LIGHT AND BELIEF 2012
Dinh Q Lê
Dinh Q Lê
Arts and culture also form a battlefield. And artists are the warriors in that battle. Like any other warriors, artists have specific responsibilities, namely: to serve the revolution, to serve the Nation, and to serve the people, here means the soldiers, the farmers, and the industrial workers […] Arts and culture, like any other activities, cannot separate from but must integrate into economics and politics.
Those are the words of Ho Chi Minh in his letter to Vietnamese artists during the Fine Art Exhibition in 1951. Taking his advice to heart, many artists from different backgrounds entered the war to become soldiers on the field of culture and ideology. Using their pencils, colors, and artistic talent as weapons, they arduously recorded the war scenes: the battles, the artillery, and the everyday life of people in the war. Light and Belief takes us through a journey with narratives from senior artist-soldiers, beautifully embellished with their animated sketches from wartime to shed light on a difficult and haunting period of national in transition towards independence.

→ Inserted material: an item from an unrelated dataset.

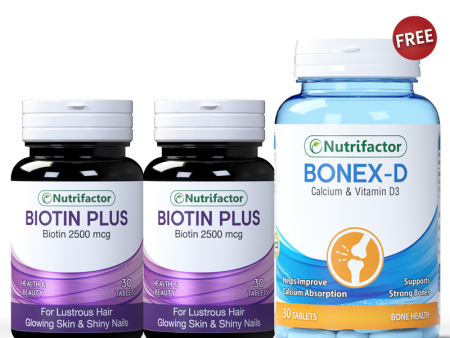 2 Biotin + Free Bonex-D Offer Hot on Sale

Dinh Q Lê has delicately led the conversations with the seniors artists about their experiences witnessing the fate of the Vietnamese people who entered the war with determination and bravery. The artists shared with Lê their process of depicting life during battles (grieving and acknowledging the pain, but choosing to focus on positive scenes instead) and their sense of responsibilities in uplifting the spirit of soldiers (via both heartfelt conversations and propagandic arts). Most importantly, many artists expressed their anxiety about histories being lost as they grow older and their sketches deteriorate. To them, these war sketches are a way to document histories – the events and people that contributed to the liberation of Vietnam. Lê has blended scenes of the senior artists themselves becoming animated sketches in between interviews, to convey the message that the artists are history-weavers – a generation that silently contributed to their country. The story of Le Duy Ung, the volunteer artist who was blinded while recording sketches on battles, reverberates through the film as a testimony to the artists’ sacrifices.
Producer: Tuấn Andrew Nguyễn
Executive producers: Dinh Q. Lê, Shoshana Wayne Gallery, 10 Chancery Lane Gallery, Sherman Contemporary Art Foundation
Unit production manager: Nguyễn Hoàng Quân
Research and Interviews: Lena Bùi, Dinh Q. Lê
Director of photography: Phunam
Camera operators: Phunam, Matt Lucero, Nguyễn Nhật Nam, Tuấn Andrew Nguyễn
Editor: Tuan Andrew Nguyễn
Color grading and Online: Phunam
Animation supervisor: Sunha Yoon Salaff
Animation: Sunha Yoon Salaff, Andres Salaff, Esther Shin, Eddie Moreno, Melvina Wong, Joshua Dotson
Score: Richard Horowitz
Re-recording mixer and Dialogue editor: Glen Alger Schricker
Production assistant: Huỳnh Ngô Vân Anh
Post-production assistant: Nguyễn Bích Trà
Artists: Lê Lam, Phan Oánh, Nguyễn Thụ, Trương Hiếu, Dương Ánh, Nguyễn Toàn Thi, Kim Tiến, Vũ Giáng Hương, Quách Phong, Huỳnh Phương Đông, Minh Phương
Artworks by: Dương Ánh, Kim Tiến, Huỳnh Phương Đông, Lê Lam, Minh Phương, Nguyễn Toàn Thi, Phan Oánh, Phan Thanh Châu, Quách Phong, Quang Thọ, Trương Hiếu, Vũ Giáng Hương
Dinh Q Lê (b. 1968, Ha Tien, Vietnam) possesses a diverse practice that is mindful of the complex interweaving of official and non-official histories, particularly in the minds of those who have undergone events whose facts are given little humanity. His work challenges the digital age in its surplus of representational data to force, expand, and reflect upon the significance of each individual image. In 2007, he co-founded San Art (alongside Tuan Andrew Nguyen, Phu Nam Thuc Ha, and Tiffany Chung). Dinh Q Lê is considered one of Vietnam’s most established artists whose practice has an extensive exhibition history worldwide. He lives and works in Ho Chi Minh City, Vietnam.